Still, Mr. Dönmez, a member of the Green Party in the upper house, voted against the bill because, as a Muslim, he says, the state should take a neutral stance toward religion. Speaking moments after it easily passed his chamber on March 12, he calls it “a good step forward” in principle – but one that spells “a lot of troubles” in practical terms. The lower house passed the bill in February.
Turkish migrants put down roots
Austria’s Muslim minority numbers half a million, or about 6 percent of the population. The new legislation updates a 1912 law that governed Bosnia’s Muslim population under the Austro-Hungarian Empire.

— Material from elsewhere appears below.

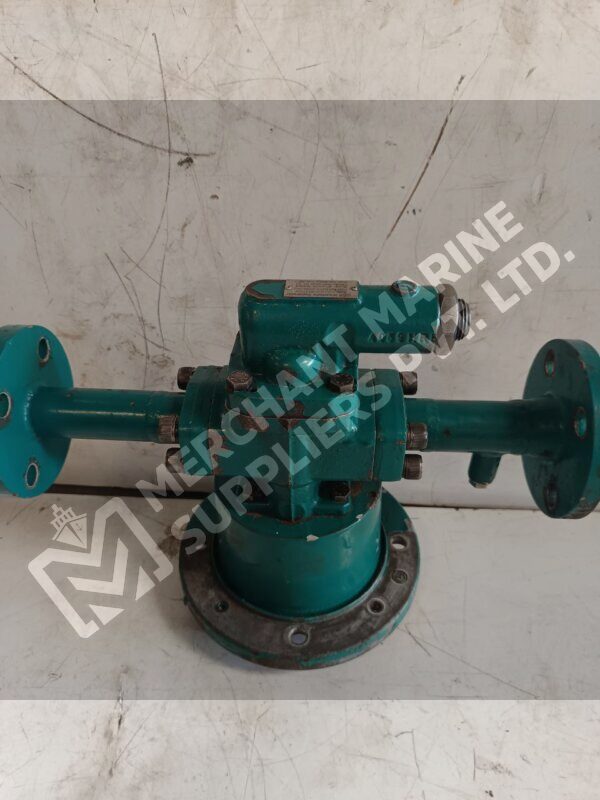 Westfalia Pump PUAG KF25-WS-1,10 KW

The empire collapsed in 1918 after defeat in World War I; the law was then incorporated into Austria’s legal code. For decades, it scarcely mattered what laws were on the books since so few Muslims lived here. That began to change in the 1960s with an influx of mostly Turkish migrants who brought their Muslim faith to Austria. It wasn’t until decades later that Austria, along with Germany and others in Europe, woke up to the fact that Muslim migrants were putting down roots. This prompted a debate over how to integrate Islam, a debate that has only gotten louder – and often shriller – in the wake of recent Islamist violence across the continent.
Austria’s legal reform was drafted before January’s attacks in Paris on the office of Charlie Hebdo and a Jewish grocery. Still, its rapid passage speaks to the insecurity felt by many Europeans in the face of an apparent surge in radical Islamist threats. And Austria isn’t alone in trying to stem radicalization among Muslims. France is doubling its training programs for foreign-born imams, who comprise 70 percent of Muslim clerics working in France. French Prime Minister Manuel Valls has also urged tighter controls on funding from abroad. “This is a specific period of time when we have to be very careful, we have to know where the money comes from,” says Valentina Colombo, a professor of geopolitics of the Islamic world at the European University in Rome. “It is not a problem with Islam or a problem with Muslims, but a problem with some radical Islamist ideology.”
Who pays the preacher?
Austria’s government says its new law gives Muslims more rights. It also creates a new theological school for imams, which aims to impart European social values, such as gender equality. Perhaps its most controversial feature is a ban on foreign funding of the daily operation of mosques, including imam salaries, with a deadline of next March to comply. An early draft that mandated the use of a single Koran translated into German was dropped from the final bill after it raised hackles. On a piece of land on the last stop of the subway line in Vienna, a prayer room is under construction for the Alevi community, a minority Muslim sect. They hope to have it operating by the fall after six years of construction. Slabs of wood litter the ground floor. “We are building it by ourselves,” says Cengiz Duran, the federal secretary of the Islamic Alevi Faith Community in Austria.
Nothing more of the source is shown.